** ACTION ITEM **
Of all the lines below, output only those starting at the one with "Найден пес в Геленджике, Краснодарский край" and ending at the one with "Marie Boisselot (înălţime", both ends included, exactly as written.

** DATASET RECORDS **
──────────
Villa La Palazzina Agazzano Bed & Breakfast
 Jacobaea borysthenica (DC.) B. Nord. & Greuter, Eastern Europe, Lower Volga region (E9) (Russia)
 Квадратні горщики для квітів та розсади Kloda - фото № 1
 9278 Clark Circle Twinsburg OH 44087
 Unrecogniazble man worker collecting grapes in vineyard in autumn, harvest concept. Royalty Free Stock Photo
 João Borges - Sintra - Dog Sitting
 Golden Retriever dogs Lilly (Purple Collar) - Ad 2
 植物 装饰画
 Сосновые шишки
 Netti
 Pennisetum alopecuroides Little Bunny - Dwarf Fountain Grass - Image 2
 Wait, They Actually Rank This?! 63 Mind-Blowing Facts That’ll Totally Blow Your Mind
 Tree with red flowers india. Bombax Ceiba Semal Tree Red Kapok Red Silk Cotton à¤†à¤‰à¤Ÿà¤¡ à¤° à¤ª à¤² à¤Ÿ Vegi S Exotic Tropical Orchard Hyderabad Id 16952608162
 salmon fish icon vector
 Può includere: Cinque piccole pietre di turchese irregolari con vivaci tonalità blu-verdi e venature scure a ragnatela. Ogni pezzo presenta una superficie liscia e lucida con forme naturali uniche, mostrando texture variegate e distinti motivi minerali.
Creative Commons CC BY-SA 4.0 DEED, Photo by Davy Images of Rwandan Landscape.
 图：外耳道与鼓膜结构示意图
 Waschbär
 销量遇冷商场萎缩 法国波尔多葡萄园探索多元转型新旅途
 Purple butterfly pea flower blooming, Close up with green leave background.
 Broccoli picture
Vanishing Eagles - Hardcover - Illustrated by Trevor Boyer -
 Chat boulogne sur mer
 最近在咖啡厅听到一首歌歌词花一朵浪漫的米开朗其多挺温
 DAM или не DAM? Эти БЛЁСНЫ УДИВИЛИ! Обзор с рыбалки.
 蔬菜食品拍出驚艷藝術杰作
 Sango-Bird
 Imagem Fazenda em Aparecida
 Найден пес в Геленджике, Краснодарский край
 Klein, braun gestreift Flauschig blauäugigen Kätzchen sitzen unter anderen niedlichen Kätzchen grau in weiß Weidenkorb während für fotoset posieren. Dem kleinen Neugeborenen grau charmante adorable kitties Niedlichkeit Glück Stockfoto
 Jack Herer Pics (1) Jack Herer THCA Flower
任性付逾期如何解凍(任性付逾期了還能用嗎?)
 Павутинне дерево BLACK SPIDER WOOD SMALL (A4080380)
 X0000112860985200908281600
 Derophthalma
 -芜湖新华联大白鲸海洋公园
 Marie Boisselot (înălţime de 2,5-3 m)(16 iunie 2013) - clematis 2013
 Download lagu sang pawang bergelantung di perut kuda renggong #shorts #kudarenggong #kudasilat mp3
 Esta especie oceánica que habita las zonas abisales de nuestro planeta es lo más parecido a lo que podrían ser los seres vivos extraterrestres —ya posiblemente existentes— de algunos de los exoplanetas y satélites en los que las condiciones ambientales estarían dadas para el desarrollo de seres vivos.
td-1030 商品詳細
──────────
** ANSWER TO THIS EXERCISE **
 Найден пес в Геленджике, Краснодарский край
 Klein, braun gestreift Flauschig blauäugigen Kätzchen sitzen unter anderen niedlichen Kätzchen grau in weiß Weidenkorb während für fotoset posieren. Dem kleinen Neugeborenen grau charmante adorable kitties Niedlichkeit Glück Stockfoto
 Jack Herer Pics (1) Jack Herer THCA Flower
任性付逾期如何解凍(任性付逾期了還能用嗎?)
 Павутинне дерево BLACK SPIDER WOOD SMALL (A4080380)
 X0000112860985200908281600
 Derophthalma
 -芜湖新华联大白鲸海洋公园
 Marie Boisselot (înălţime de 2,5-3 m)(16 iunie 2013) - clematis 2013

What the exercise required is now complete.